Admiral Carden proposed a three-stage operation: the bombardment of the Turkish forts protecting the Dardanelles, the clearing of the minefields and then the invasion fleet travelling up the Straits, through the Sea of Marmara to Constantinople. Carden argued that to be successful the operation would need 12 battleships, 3 battle-cruisers, 3 light cruisers, 16 destroyers, six submarines, 4 sea-planes and 12 minesweepers. Lord Kitchener, the War Minister and Winston Churchill, the First Lord of the Admiralty, liked the plan, and on their advice, Herbert Asquith, the Prime Minister, agreed for the operation to proceed.
It was hoped that the navy would force a way through the Dardanelles on its own. However, it was decided to send British troops and units of the Australian and New Zealand Corps (ANZAC) led by General William Birdwood to the Greek island of Lemnos in case they were needed to take part in the operation.
On 19th February, 1915, Admiral Carden began his attack on the Dardanelles forts. The assault started with a long range bombardment followed by heavy fire at closer range. As a result of the bombardment the outer forts were abandoned by the Turks. The minesweepers were brought forward and managed to penetrate six miles inside the straits and clear the area of mines.
Further advance up into the straits was now impossible. The Turkish forts were too far away to be silenced by the Allied ships. The minesweepers were sent forward to clear the next section but they were forced to retreat when they came under heavy fire from the Turkish batteries.
Winston Churchill became impatient about the slow progress that Carden was making and demanded to know when the third stage of the plan was to begin. Admiral Carden found the strain of making this decision extremely stressful and began to have difficulty sleeping. On 15th March, Carden’s doctor reported that the commander was on the verge of a nervous breakdown. Carden was sent home and replaced by Vice-Admiral de Robeck, who immediately ordered the Allied fleet to advance up the Dardanelles Straits.
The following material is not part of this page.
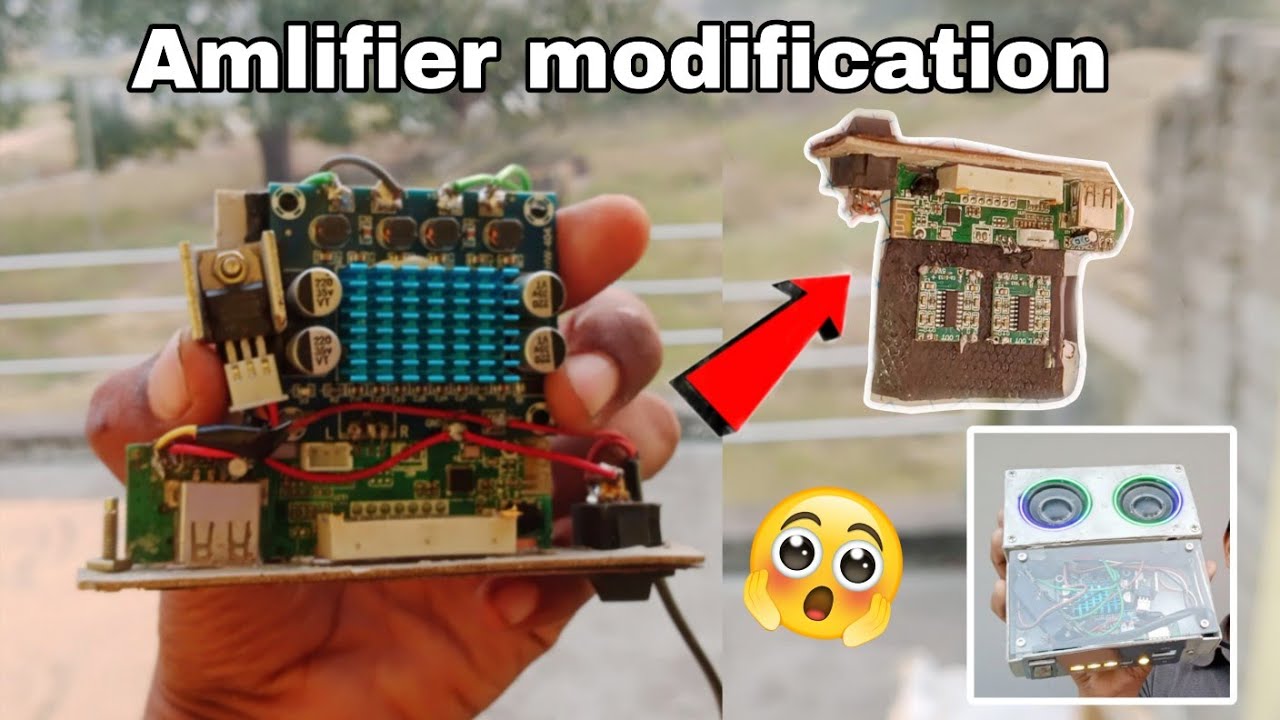 Amlifier modification at home || using mini amlifier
On 18th March eighteen battleships entered the straits. The fleet included Queen Elizabeth, Lord Nelson, Agamemmon, Inflexible, Ocean, Irresistible, Prince George and Majestic from Britain and the Gaulois, Bouvet and Suffren from France. At first they made good progress until the Bouvet struck a mine, heeled over, capsized and disappeared in a cloud of smoke. Soon afterwards two more ships, Irresistible and Ocean hit mines. Most of the men in these two ships were rescued but by the time the Allied fleet retreated, over 700 men had been killed. Overall, three ships had been sunk and three more had been severely damaged.
In Ireland, Anzac Day is quietly remembered by the ex-patriate New Zealand and Australian communities with an evening service in St Ann’s Church, Dawson St, Dublin 2. Anzac Day commemorations are also attended by members of veterans groups and historical societies, including the Royal Dublin Fusiliers, O.N.E.T., the Royal British Legion, UN Veterans, and others.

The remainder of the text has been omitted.